La résidence divine
Bétsal’èl et Aholiab dirigent avec compétence les travaux de construction du Michekane. Tous les artisans, animés par l’inspiration divine, achèvent les travaux en trois mois. Pendant trois autres mois, Israël attend l’érection avec impatience. Mais les moqueurs et les critiques lancent avec sarcasme leur doute de voir un jour le Michekane érigé et la présence divine de retour parmi Israël.
Lorsque le Michekane fut achevé, on amena toutes les pièces auprès de Mochè. La participation de Mochè fut de le monter. Ce ne fut point facile et simple. Mochè se demande à juste raison comment il allait pouvoir s’y prendre.
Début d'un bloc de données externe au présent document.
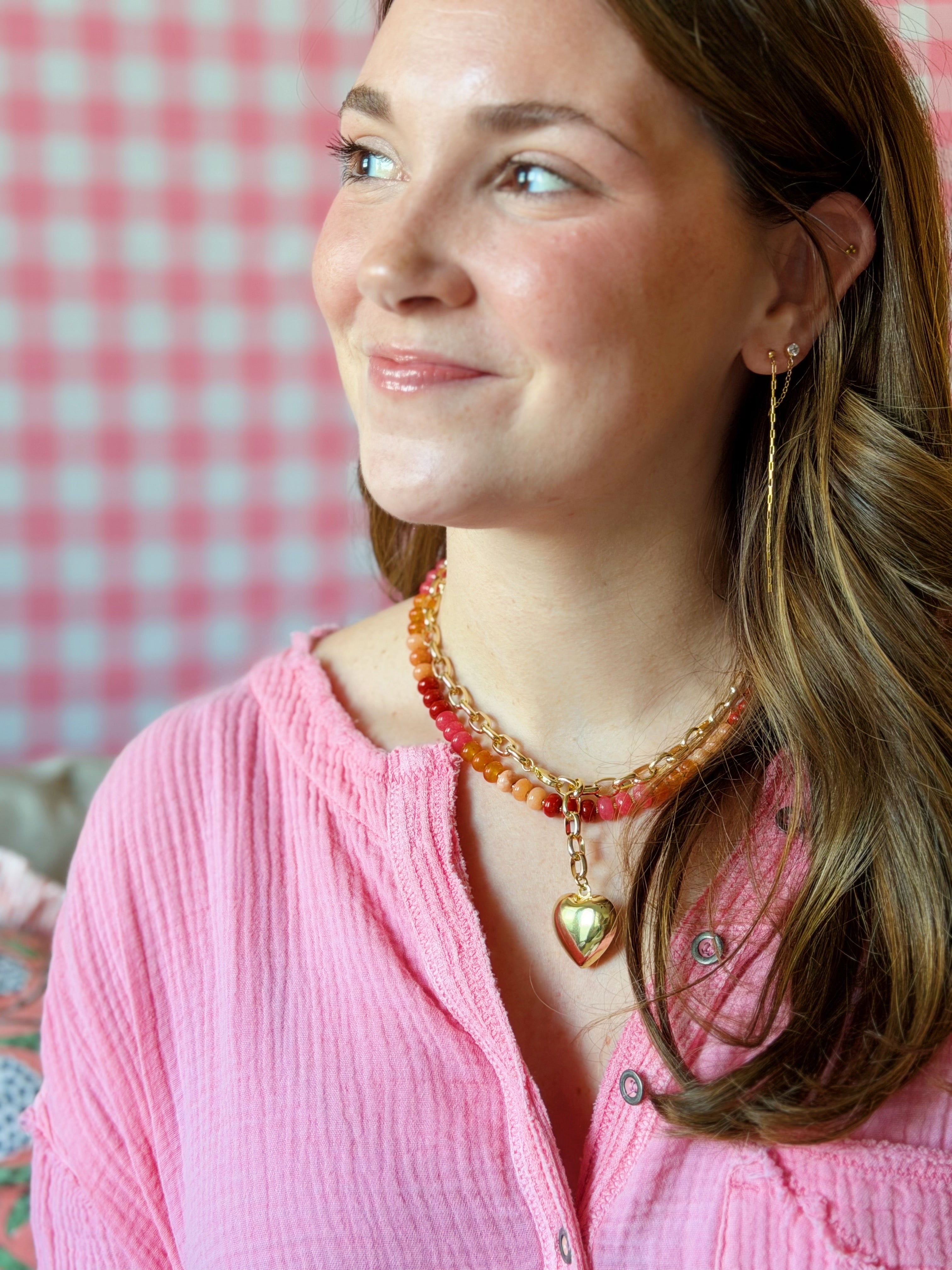 COCO HEART NECKLACE – Pink Pineapple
D’ieu l’assure de Son assistance.
Ainsi s’exprime Rachi citant le Midrache(1) :
“Ils apportèrent le Michekane auprès de Mochè, parce qu’ils n’étaient pas capables de le monter. Et comme Mochè n’avait fait aucun travail dans le Michekane, le Saint béni soit-Il lui a réservé le privilège de le monter. Nul ne pouvait le monter en raison du grand poids des planches que personne n’avait la force de redresser. Et c’est Mochè qui l’a monté. Mochè dit, devant le Saint béni soit-Il : “Comment le montage de la tente pourrait-il se faire par la main de l’homme?”. Il lui répond : “Mets-toi à l’oeuvre toi-même, de ta propre main, et il semblera que c’est toi-même qui l’as monté”. En réalité, il s’est dressé et monté de lui-même tel qu’il est dit(2) :
“Le Michekane houqam, a été dressé” Il s’est dressé de lui-même(3)!” L’érection du Michekane tient en fait du miracle. Mais cela n’empêche pas les moqueurs et les persifleurs de mettre en doute l’intention de D’ieu de résider dans le Michekane, oeuvre de Mochè. Le Midrache(4) dit à ce propos :
“Qu’elles deviennent muettes, les lèvres menteuses qui parlent avec insolence contre le juste, par excès d’orgueil et de mépris(5)…” s’applique à propos de Mochè. Au moment où le Saint béni soit-Il lui demande de construire le Michekane, Mochè dit à Israël : “Qu’ils me prennent une offrande“. Pendant que Mochè était occupé à la construction du Michekane, les moqueurs parmi Israël disaient : “Est-il possible que la Chékhina, présence divine, réside [parmi Israël] grâce à Ben Âmram?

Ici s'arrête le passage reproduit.